[What is required]
Every line from the one with "VT license plate YWQ196" up to and including the one with "Apple Watch Series" is to be output exactly as it appears below; pictures are not.

[Data listing]
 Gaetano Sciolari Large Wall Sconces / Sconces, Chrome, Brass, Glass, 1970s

--

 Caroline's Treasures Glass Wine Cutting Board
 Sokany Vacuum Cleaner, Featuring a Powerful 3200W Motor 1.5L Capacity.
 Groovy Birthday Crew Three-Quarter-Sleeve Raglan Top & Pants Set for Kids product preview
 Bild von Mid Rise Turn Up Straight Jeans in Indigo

---

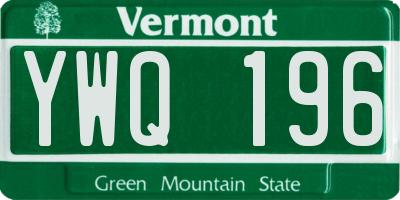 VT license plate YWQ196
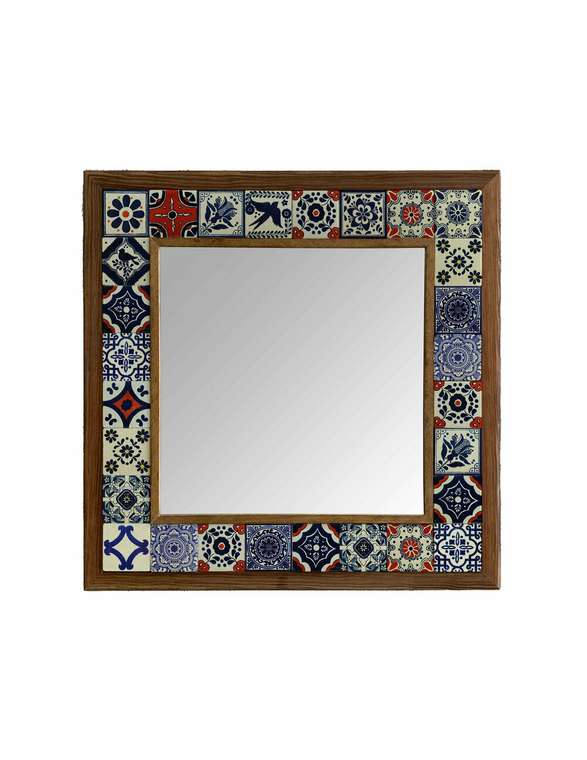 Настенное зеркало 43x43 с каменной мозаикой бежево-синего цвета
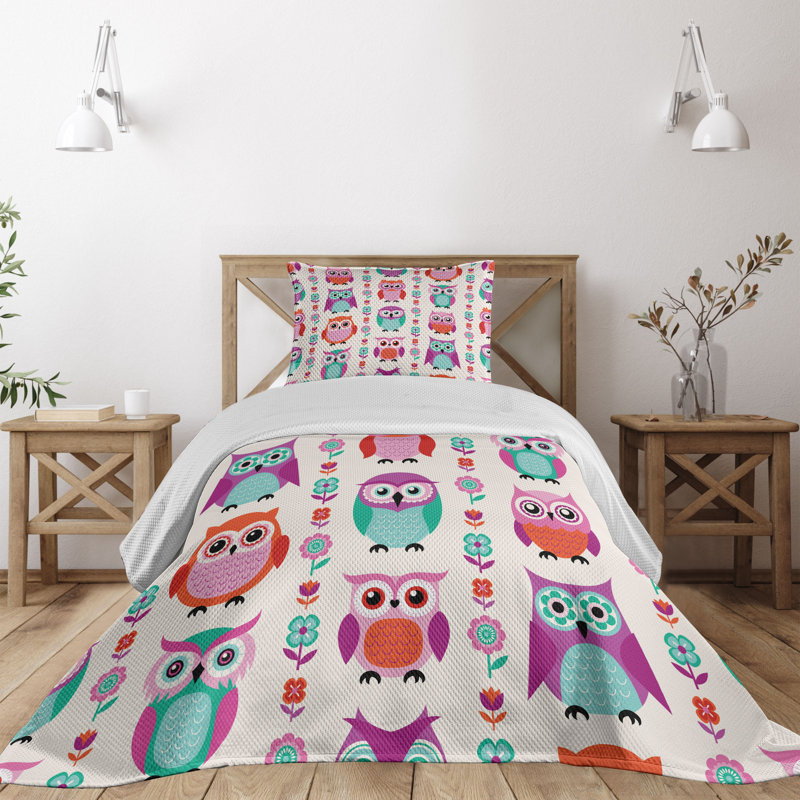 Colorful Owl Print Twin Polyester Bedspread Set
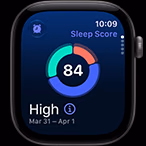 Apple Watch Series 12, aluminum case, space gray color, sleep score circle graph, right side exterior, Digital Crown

[Result]
 VT license plate YWQ196
 Настенное зеркало 43x43 с каменной мозаикой бежево-синего цвета
 Colorful Owl Print Twin Polyester Bedspread Set
 Apple Watch Series 12, aluminum case, space gray color, sleep score circle graph, right side exterior, Digital Crown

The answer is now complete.